Article 1.  Establishment and Administration                                  1
            of the Trust and Company Contributions

Article 2.  Payments to Plan Participants and Their Beneficiaries             3

Article 3.  Trustee Responsibility Regarding Payments                         4
            to Trust Beneficiary When Company is Insolvent

Article 4.  Payments to Company                                               5

Article 5.  Management of the Trust Fund                                      5

Article 6.  Investment Funds and Investment Managers                          9

Article 7.  Resignation or Removal of Trustee                                11

Article 8.  Amendment or Termination                                         12

Article 9.  Liability and Indemnification                                    13

Article 10. Miscellaneous                                                    13

Article 11. Effective Date                                                   14
<PAGE>
EXCESS BENEFIT PLAN TRUST AGREEMENT

     THIS EXCESS BENEFIT PLAN TRUST AGREEMENT, effective this 1st day of
December, 1994, by and between Varlen Corporation, a Delaware corporation (the
"Company"), and Harris Trust and Savings Bank (the "Trustee").

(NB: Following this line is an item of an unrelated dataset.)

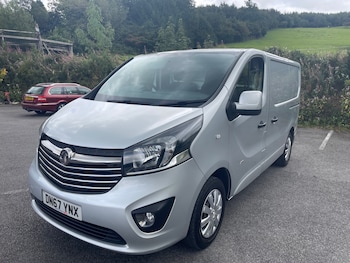Used Vauxhall Vivaro 2017 for sale - 75584610: Photo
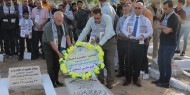 قيادة حركة فتح بساحة غزة تضع أكاليل الزهور على ضريح القائد أبو علي شاهين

                                   WITNESSETH:

     WHEREAS, the Company has adopted an excess benefit plan known as the Varlen
Corporation Excess Benefit Plan (the "Plan"); and

     WHEREAS, the Company expects to incur liability under the terms of such
Plan with respect to the individuals participating in such Plan; and

     WHEREAS, the Company wishes to establish a trust (the "Trust") and to
contribute to the Trust assets that shall be held therein, subject to the claims
of the Company's creditors in the event of the Company's Insolvency, as herein
defined, until paid to Plan participants and their beneficiaries in such manner
and at such times as specified in the Plan; and

     WHEREAS, it is the intention of the parties that this Trust shall
constitute an unfunded arrangement and shall not affect the status of the Plan
as an unfunded plan maintained for the purpose of providing deferred
compensation for a select group of management or highly compensated employees
for purposes of Title I of the Employee Retirement Income Security Act of 1974;
and

     WHEREAS, it is the intention of the Company to make contributions to the
Trust to provide itself with a source of funds to assist it in meeting its
liabilities under the Plan;

     NOW, THEREFORE, the parties do hereby establish the Trust and agree that
the Trust shall be comprised, held, and disposed of as follows:

ARTICLE I. ESTABLISHMENT AND ADMINISTRATION OF THE TRUST AND COMPANY
CONTRIBUTIONS

         1.1. ESTABLISHMENT. This Agreement is hereby established for the
benefit of Participants in the Plan ("Participants") and the beneficiaries of
such Participants, as determined in accordance with the provisions of the Plan,
to provide for the payment of Plan benefits on an unfunded, nonqualified basis.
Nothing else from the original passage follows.